You're 15 weeks away from graduating, and you can't help but wonder whether you should have pursued a journalism degree rather than psychology. The latter seemed more practical. As you stir kinky-shaped pasta and sip a questionably large glass of Trader Joe's 2-Buck-Chuck (which you justify as healthy, because you don't remember reading a specific serving size in the studies citing "one glass of red wine per day" as healthy), you realize that this is not the Cosmo-inspired fantasy you had envisioned for your 20's.
There is no red silk robe, no Victoria's Secret kitten heels with the black feathery poof at the tips that you were supposed to strut around in (because they don't even sell those shoes anymore, dammit), passionately typing your deepest thoughts on your vintage typewriter (that you never ended up buying) as you pranced around your apartment listening to jazz, or classical music, or what the fuck ever. No, you lacked the courage to pursue journalism because you feared it was a dying industry, and that a degree in creative writing—your true passion—would amount to nothing.
There is no handful of men that you're dating, because you're stuck on only one in this gloomy little (Nordstrom-deprived) town, and you haven't found any other remotely-romantic distractions worth engaging in.
You already own one cat, which makes you exactly one step closer to becoming a cat woman.
The highlights of today, a day you've deemed worth taking off of your monotonous "student research" job (which entails calling an excessive amount of professionals and getting hung up on much too much), have been a 3 hour phone conversation with your mother, and a 2 hour phone conversation with your best friend—who, of course, has moved to LA. The only somewhat demolished vegan apple fritter donut in the freezer is calling you.

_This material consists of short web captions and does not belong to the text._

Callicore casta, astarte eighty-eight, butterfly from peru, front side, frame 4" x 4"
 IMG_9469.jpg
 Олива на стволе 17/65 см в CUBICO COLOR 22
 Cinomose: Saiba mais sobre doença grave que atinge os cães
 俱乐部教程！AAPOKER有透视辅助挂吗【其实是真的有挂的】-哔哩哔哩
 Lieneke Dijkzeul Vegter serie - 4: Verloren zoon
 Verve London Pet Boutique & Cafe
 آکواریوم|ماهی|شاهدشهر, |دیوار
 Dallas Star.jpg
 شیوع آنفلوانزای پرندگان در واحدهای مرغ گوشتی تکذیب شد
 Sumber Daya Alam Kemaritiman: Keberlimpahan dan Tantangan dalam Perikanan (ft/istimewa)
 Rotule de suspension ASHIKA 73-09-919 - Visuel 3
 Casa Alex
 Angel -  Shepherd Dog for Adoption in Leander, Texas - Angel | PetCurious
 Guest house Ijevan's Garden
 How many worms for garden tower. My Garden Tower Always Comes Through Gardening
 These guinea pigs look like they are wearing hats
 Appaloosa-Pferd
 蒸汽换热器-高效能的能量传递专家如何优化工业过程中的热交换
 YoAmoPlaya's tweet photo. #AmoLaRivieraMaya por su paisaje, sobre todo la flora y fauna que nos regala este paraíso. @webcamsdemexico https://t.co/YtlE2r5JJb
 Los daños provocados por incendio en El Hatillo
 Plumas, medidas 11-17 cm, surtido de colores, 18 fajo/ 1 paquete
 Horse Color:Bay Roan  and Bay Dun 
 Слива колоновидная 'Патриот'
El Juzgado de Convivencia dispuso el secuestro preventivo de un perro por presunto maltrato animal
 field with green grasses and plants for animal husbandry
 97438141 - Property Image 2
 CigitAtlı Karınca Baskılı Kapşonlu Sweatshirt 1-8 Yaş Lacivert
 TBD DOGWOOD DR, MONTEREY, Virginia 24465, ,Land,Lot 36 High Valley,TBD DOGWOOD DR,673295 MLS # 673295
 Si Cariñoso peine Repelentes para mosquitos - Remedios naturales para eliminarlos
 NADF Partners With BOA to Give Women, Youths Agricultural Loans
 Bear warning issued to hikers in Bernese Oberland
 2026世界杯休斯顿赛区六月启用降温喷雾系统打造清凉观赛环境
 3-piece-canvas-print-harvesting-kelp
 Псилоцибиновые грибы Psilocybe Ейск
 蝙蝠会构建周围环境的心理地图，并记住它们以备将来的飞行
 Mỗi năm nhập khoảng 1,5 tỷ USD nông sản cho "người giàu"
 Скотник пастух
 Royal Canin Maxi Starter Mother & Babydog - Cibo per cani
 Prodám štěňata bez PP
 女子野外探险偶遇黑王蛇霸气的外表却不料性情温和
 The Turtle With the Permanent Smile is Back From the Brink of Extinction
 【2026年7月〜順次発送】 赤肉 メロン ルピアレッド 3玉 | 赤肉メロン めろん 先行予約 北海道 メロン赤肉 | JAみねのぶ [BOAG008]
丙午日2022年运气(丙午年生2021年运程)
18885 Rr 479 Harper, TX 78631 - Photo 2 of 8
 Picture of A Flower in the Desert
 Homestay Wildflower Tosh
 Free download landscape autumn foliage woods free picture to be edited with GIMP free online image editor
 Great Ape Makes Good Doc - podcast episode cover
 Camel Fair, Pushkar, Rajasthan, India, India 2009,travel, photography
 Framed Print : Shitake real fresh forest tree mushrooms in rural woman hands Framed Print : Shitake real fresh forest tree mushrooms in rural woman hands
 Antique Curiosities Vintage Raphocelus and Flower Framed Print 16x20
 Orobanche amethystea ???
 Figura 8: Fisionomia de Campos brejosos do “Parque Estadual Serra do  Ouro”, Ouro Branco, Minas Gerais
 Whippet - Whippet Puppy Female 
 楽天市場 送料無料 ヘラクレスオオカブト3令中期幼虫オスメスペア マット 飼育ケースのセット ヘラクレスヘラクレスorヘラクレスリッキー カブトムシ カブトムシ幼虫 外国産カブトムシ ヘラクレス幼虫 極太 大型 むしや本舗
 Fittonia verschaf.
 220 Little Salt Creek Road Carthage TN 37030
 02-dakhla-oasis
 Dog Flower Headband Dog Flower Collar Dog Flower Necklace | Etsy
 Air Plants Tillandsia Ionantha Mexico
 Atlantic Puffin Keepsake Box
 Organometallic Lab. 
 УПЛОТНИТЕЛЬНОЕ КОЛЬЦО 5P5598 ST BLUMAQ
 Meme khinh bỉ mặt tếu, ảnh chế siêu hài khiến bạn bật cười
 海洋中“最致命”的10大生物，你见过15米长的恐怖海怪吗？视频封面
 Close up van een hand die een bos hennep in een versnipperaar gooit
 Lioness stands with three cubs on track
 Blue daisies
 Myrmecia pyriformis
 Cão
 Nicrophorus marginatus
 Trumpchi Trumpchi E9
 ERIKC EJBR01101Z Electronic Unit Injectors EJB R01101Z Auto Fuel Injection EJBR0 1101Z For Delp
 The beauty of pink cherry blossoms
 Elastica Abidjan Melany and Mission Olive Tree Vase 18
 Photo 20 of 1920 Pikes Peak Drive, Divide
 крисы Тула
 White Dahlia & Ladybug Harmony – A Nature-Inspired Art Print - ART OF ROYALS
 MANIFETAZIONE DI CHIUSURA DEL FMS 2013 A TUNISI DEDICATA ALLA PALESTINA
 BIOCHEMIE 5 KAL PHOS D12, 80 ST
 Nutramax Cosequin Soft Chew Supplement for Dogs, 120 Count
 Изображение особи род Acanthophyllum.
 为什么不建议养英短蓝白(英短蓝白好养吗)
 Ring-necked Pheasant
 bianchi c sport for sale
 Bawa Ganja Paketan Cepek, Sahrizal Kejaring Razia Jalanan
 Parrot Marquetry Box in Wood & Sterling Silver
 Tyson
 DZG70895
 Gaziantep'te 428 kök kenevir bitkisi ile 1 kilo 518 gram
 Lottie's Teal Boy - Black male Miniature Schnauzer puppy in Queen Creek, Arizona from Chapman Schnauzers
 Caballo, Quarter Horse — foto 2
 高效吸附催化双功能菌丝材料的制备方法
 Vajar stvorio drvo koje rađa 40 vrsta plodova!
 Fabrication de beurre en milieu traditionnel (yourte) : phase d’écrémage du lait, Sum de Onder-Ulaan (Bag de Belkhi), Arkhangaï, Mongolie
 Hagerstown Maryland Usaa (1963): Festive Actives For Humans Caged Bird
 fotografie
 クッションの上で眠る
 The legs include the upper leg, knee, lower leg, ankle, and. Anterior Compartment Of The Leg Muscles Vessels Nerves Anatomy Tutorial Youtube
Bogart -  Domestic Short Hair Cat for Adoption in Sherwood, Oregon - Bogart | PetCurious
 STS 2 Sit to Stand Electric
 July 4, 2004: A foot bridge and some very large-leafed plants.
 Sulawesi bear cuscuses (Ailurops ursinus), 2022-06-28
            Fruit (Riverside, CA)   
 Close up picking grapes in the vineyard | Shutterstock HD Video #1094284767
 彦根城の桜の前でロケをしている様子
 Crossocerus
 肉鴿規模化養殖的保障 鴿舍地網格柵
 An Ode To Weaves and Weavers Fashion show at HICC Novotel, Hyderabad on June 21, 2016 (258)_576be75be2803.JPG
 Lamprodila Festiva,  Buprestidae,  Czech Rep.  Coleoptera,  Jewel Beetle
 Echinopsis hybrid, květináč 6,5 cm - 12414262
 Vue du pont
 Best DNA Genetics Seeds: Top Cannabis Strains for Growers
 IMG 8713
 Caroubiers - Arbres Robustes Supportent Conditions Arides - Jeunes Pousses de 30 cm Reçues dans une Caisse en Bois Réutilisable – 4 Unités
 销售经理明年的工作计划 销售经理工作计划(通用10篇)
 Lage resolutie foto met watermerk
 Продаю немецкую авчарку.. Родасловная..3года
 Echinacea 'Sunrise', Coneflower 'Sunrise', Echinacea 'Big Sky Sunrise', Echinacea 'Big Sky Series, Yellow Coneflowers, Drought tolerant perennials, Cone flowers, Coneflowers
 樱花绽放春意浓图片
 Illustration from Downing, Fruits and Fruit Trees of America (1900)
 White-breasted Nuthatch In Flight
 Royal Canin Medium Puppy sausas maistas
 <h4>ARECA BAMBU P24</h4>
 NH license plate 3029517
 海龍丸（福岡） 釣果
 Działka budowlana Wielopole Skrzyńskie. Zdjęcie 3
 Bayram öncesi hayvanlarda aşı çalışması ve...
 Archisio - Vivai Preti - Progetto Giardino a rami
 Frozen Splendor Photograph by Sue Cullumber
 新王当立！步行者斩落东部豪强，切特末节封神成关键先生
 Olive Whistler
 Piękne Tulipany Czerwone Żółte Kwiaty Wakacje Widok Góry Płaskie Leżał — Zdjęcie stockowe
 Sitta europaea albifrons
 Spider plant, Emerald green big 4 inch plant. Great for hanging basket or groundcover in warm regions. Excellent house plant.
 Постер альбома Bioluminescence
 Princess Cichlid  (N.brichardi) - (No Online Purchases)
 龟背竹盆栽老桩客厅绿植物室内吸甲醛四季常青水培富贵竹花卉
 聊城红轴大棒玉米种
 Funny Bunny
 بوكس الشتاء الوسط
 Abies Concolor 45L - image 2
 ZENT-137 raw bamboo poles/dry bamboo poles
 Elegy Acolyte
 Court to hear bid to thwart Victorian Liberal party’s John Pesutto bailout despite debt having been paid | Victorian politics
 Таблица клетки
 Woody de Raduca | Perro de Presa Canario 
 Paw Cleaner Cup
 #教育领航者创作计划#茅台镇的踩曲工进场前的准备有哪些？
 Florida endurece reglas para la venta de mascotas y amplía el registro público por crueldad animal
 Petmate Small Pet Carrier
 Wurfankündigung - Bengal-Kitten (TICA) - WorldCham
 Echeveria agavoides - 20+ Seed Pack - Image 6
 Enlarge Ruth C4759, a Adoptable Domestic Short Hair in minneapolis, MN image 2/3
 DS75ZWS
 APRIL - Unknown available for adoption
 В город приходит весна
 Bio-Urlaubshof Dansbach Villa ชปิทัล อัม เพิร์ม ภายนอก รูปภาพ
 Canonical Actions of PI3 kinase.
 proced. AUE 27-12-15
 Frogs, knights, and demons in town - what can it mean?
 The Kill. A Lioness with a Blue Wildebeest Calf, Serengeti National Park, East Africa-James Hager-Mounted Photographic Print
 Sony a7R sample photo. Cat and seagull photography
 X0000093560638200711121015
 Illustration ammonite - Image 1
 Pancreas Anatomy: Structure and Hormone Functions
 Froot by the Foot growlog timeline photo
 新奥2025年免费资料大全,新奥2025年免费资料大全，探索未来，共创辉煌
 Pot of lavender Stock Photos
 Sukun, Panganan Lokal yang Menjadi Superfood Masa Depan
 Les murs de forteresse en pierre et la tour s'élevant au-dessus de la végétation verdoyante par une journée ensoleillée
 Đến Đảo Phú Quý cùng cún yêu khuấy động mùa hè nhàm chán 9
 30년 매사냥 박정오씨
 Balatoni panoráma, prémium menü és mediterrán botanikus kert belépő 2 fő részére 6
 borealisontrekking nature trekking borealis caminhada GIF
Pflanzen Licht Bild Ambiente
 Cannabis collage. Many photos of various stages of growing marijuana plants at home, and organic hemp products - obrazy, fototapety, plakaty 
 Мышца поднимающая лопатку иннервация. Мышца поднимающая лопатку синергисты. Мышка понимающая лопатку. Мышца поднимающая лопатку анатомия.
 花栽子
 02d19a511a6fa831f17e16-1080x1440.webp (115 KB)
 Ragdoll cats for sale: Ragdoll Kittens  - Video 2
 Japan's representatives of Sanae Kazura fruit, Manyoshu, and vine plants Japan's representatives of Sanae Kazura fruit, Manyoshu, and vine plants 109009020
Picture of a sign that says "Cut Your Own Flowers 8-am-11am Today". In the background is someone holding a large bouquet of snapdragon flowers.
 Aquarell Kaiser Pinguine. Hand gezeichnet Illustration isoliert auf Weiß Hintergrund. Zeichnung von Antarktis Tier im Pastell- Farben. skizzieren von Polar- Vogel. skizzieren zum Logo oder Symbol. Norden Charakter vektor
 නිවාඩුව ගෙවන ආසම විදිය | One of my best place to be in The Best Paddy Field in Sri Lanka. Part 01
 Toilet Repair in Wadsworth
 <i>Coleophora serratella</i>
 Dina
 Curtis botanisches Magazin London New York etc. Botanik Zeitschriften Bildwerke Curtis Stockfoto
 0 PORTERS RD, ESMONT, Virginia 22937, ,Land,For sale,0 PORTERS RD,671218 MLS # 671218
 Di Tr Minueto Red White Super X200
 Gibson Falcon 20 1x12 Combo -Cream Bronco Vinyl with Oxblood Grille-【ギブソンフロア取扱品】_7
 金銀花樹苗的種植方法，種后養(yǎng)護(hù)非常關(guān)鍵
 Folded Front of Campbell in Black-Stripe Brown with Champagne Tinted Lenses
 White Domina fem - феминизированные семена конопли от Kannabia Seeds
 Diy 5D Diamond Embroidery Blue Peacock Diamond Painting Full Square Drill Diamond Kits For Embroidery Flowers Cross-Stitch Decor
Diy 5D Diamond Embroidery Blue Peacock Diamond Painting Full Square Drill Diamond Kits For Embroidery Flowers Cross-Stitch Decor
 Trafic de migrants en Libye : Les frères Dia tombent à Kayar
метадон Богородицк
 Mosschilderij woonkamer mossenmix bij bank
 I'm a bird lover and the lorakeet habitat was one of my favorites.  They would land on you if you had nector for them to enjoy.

Beckoning you.
Even your shrink has told you, in much more delicate words, that perhaps you should be less of an anti-social fuck.
It's true, and there are a few Eugene friends you dearly miss, but you can't quite work up the effort to see them. You just have too many things you were supposed to accomplish today, that you have not, that make you feel unworthy of anyone's company but your own.
After all, you were supposed to have written a novel by now. A screenplay, at least. Your ideas haunt you and you feel guilty for not putting them on paper, yet you feel tremendous anxiety, anticipating whether they will come out just right. Whether you can accurately, articulately, illustrate the beautiful images and scenes constantly unraveling in your mind.
Maybe to be successful, you are supposed to be more like your brother. Maybe you should be a little more focused on a beans-and-rice diet and a little less satiated by your sweet-tooth and penchant for shoes.
Maybe you're actually destined to pursue the whole starving artist persona, to kill two birds with one stone (not that you advocate unnecessary killing of any kind).
You have somehow, accidentally constructed writer's block and are unsure of exactly how to chip away at this self-inflicted destruction. Piece by piece, or one dynamite explosion? And how, exactly?
Your only solution, for now, at least: more wine, less whine.